Stress urinary incontinence, defined by the International Continence Society as the complaint of involuntary leakage on effort or exertion or on sneezing and coughing, affects 23% to 38% of the female population in the United States over the age of 20 years.
Stress urinary incontinence (SUI), defined by the International Continence Society as the complaint of involuntary leakage on effort or exertion or on sneezing or coughing,1 affects 23% to 38% of the female population in the United States over the age of 20 years.2 Of the women affected, it is estimated that 7% to 10% of cases are severe with frequent leakage.3
Analysis of Medicare data suggests that annually only 10% of women diagnosed with incontinence undergo surgical correction.4
Given that the US population is aging and that the incidence of urinary incontinence increases with age, it is important for the clinician to maintain a working knowledge of current treatment options for this increasingly common condition.
In addition to surgical correction, nonsurgical options exist for SUI. To date, the only pharmacologic agent to have shown efficacy for this condition is duloxetine. Duloxetine is a balanced serotonin and norepinephrine reuptake inhibitor approved by the US Food and Drug Administration (FDA) for the treatment of major depressive disorders, generalized anxiety disorders, and pain caused by fibromyalgia or diabetic neuropathy. It also has been noted in animal studies to increase bladder storage capacity and urethral striated muscle sphincter function through its effects on the central spinal cord.5
In a number of double-blind, placebo-controlled, randomized trials duloxetine has been shown to significantly improve symptoms of stress incontinence compared with placebo.6-9 For example, in the North American study of duloxetine conducted by Dmochowski, et al, women receiving duloxetine 40 mg twice daily were shown to have a 51% decrease in weekly incontinence episodes compared with a 27% reduction in patients receiving placebo. In addition, significant increases in quality-of-life measure subscales (ie, avoidance/limiting behavior, psychosocial and social embarrassment) were seen in the duloxetine-treated patients. These results were tempered by the fact that 24% of patients discontinued duloxetine because of adverse side effects (eg, nausea, fatigue, insomnia, somnolence, dizziness, and blurred vision) compared with 4% of placebo-treated patients.6
Duloxetine was approved for the treatment of stress incontinence by the European Union in 2004. In the United States, however, a black box warning issued by the FDA related to potential increases in suicidal ideation with duloxetine led the manufacturers to withdraw their application for approval of the additional indication of duloxetine for the treatment of stress incontinence. Thus, any treatment of stress incontinence in the United States with duloxetine therapy is considered off-label usage.

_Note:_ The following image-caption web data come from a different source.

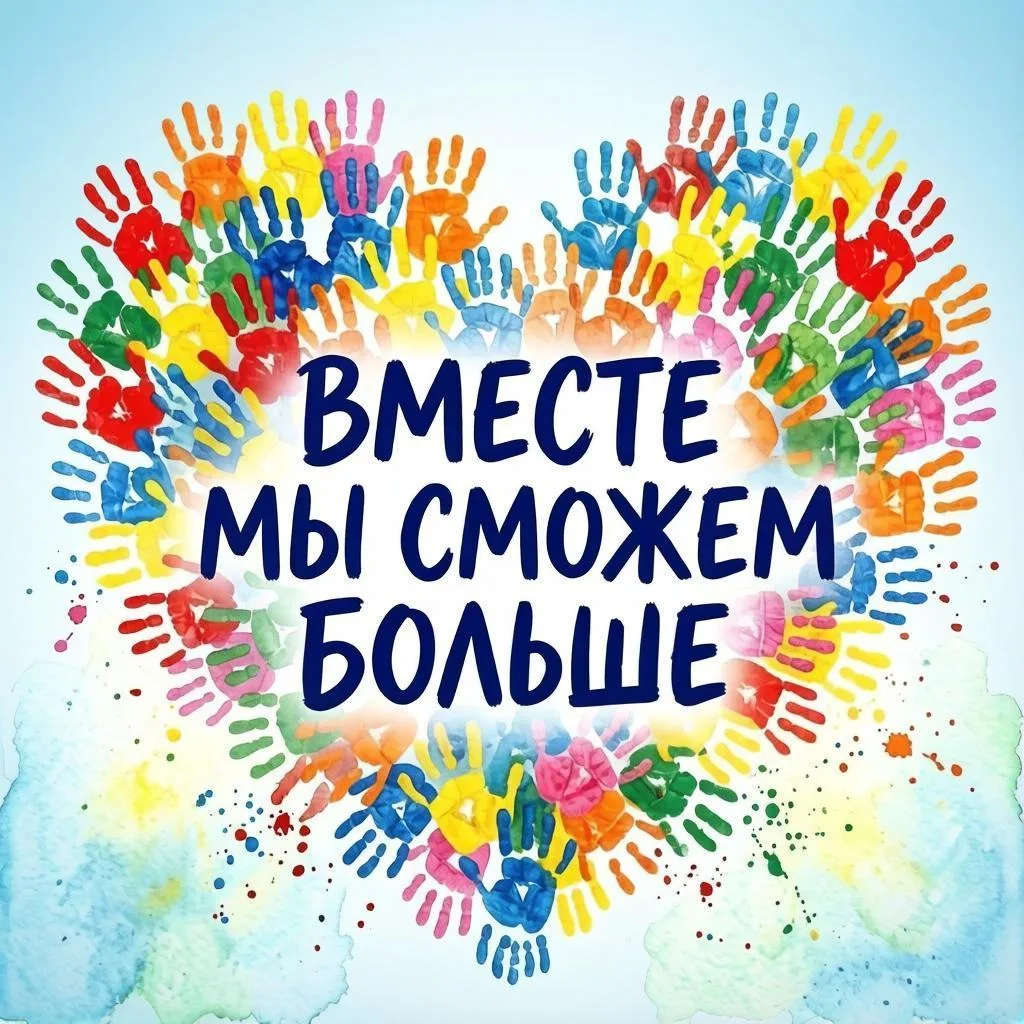 ⚡️Управление труда и социальной защиты населения администрации Александровского муницип...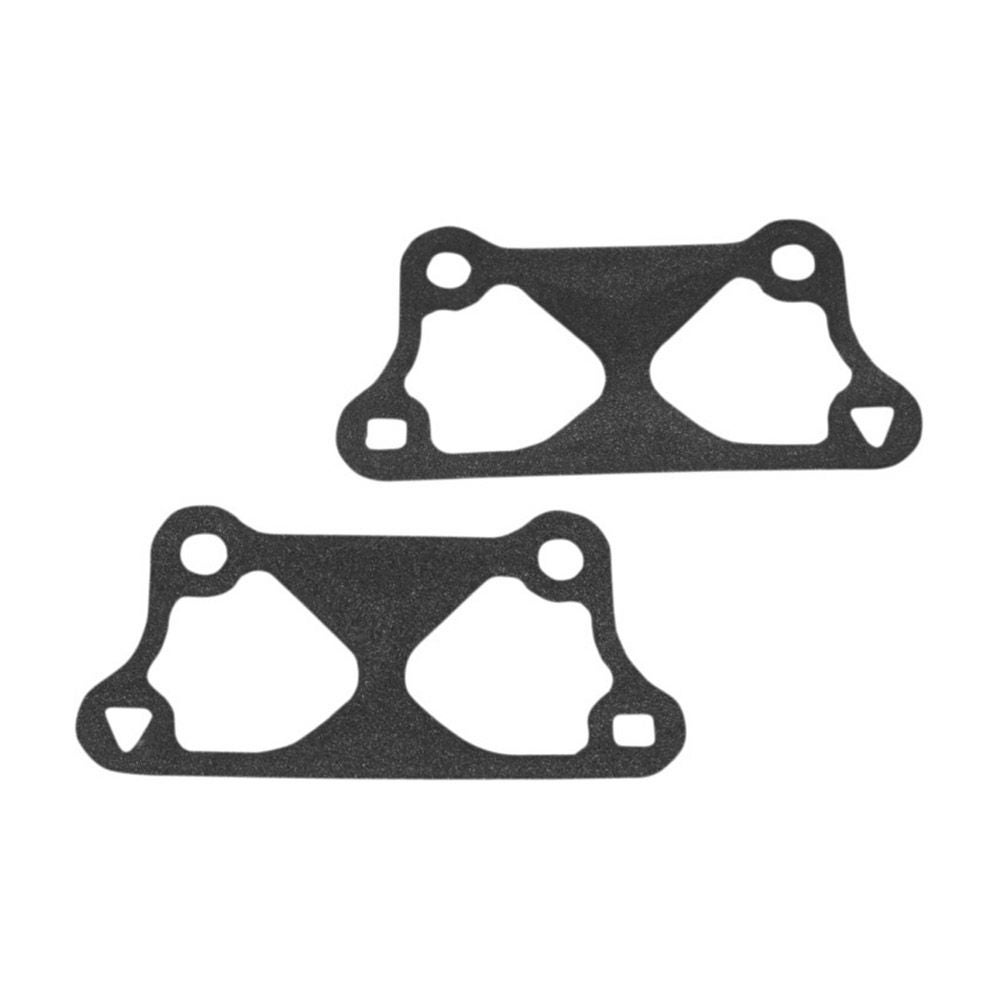 2004～2021 スポーツスター タペットカバー ガスケットセット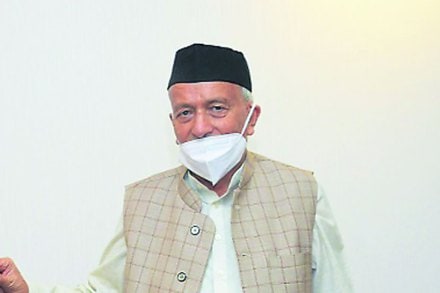 संग्रहित छायाचित्र संग्रहित छायाचित्र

Other nonsurgical treatments
The current mainstays of nonsurgical therapy for SUI are pelvic floor muscle training, pessary devices, and behavioral or lifestyle modifications such as weight loss, fluid restriction, and avoidance of stressful maneuvers. Each of these approaches has been shown to have efficacy in motivated patients,10 and in our practice these are always offered as first-line approaches to any willing patient.

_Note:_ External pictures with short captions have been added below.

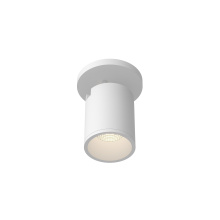 Kuzco LD3-SA04W10-3036-WH-UNV-010 - Lorna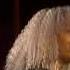 Belle Epoque Black Is Black TV Rip 3sat 1977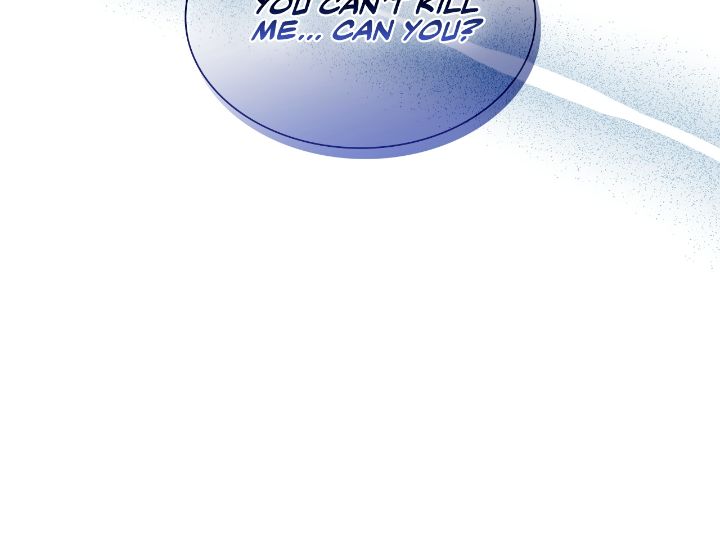 Salty Lust - Chapter 60 manhwa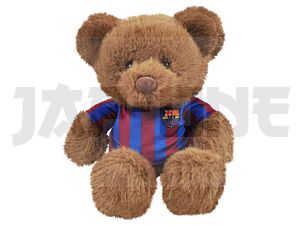 fc-barcelona-bear-t-shirt-plush-toy-20-cm_1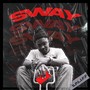 Sway (Explicit)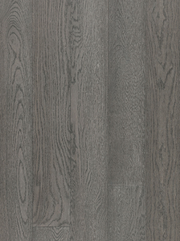 Engineered Wood A.W.O. Character Coyote 7 in 23.38 SF Box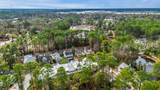 27 Tabby Shell Road - Photo 38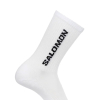 SALOMON - EVERYDAY CREW 3-PACK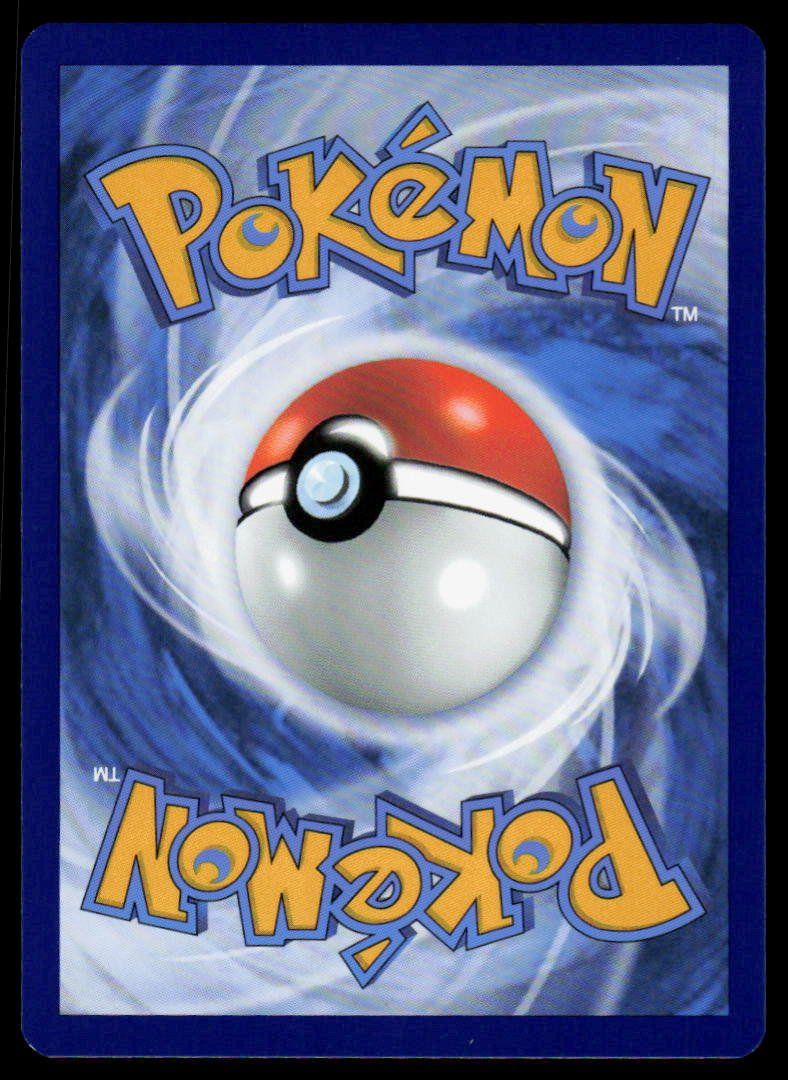 Pokémon Carte collezionabili: Pokemon Groink 063/132 – Usato da Herisau venduto da Pokemon2025 1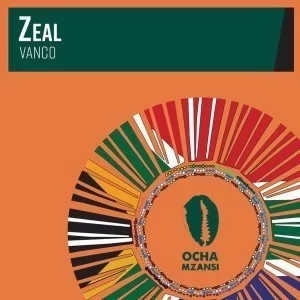 Vanco, Oomph, mp3, download, datafilehost, fakaza, Soulful House, Soulful House 2019, Soulful House Mix, Soulful House Music, House Music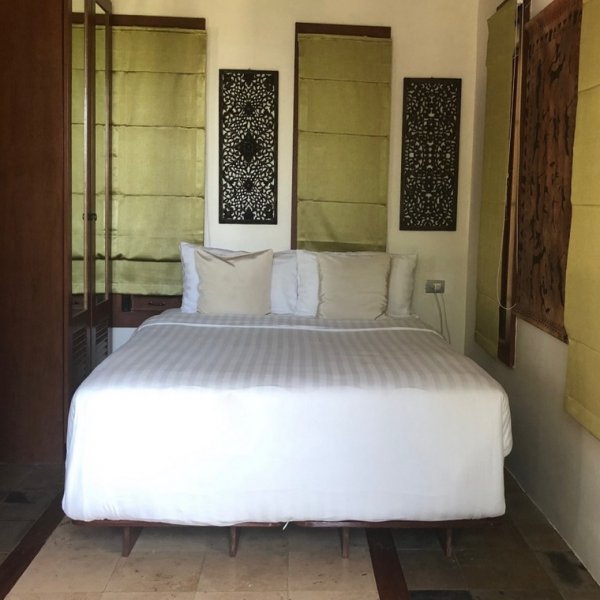 Property image - gallery 45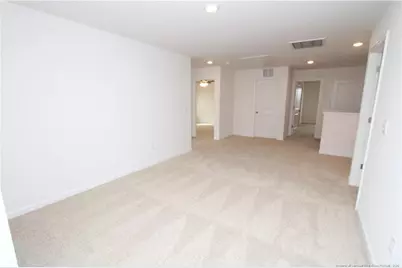 100 Pantaneiro Way, Wake Forest, NC 27587 - Photo 24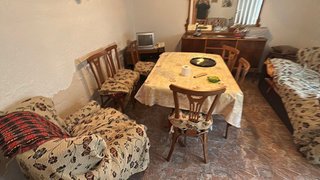 Casa adosada en venta en Zona Pueblo en Guardamar del Segura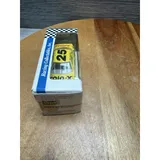 Listing Photo Thumb #3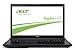 Produktbild Acer Aspire V3-772G-54208G1TMakk 43,9 cm (17,3 Zoll) Notebook (Intel Core i5-4200M, 2,5GHz, 4GB RAM, 1TB HDD, NVIDIA GT 750M, Win 8) schwarz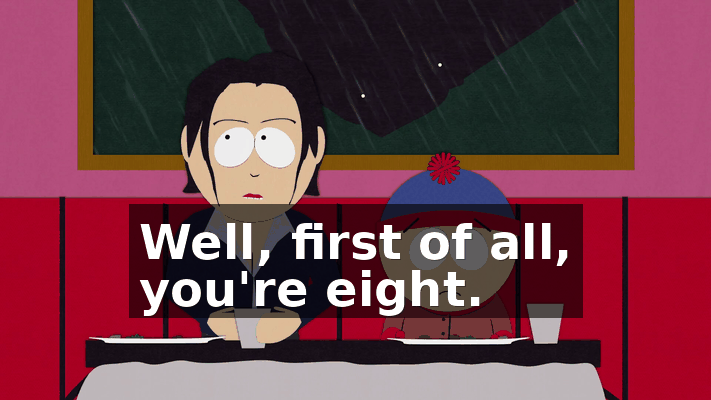 1f7b202f-0eb3-4596-827f-df8e5b50c4a8.gif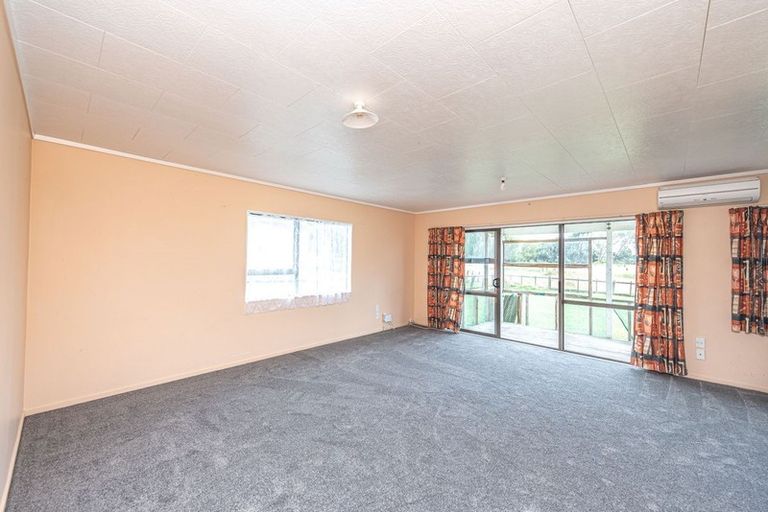 Photo of property in 66 Mill Street, Marton, 4710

In patients who are able to properly perform Kegel maneuvers, we typically prescribe a self-directed exercise program. Pelvic floor muscle training is offered in combination with biofeedback training if the patient demonstrates an inability to properly perform a Kegel maneuver on exam or requests treatment by a physical therapist. Patients who do not achieve satisfactory symptom control with nonsurgical therapy or who are unwilling to participate in more conservative treatments generally are offered surgical therapy.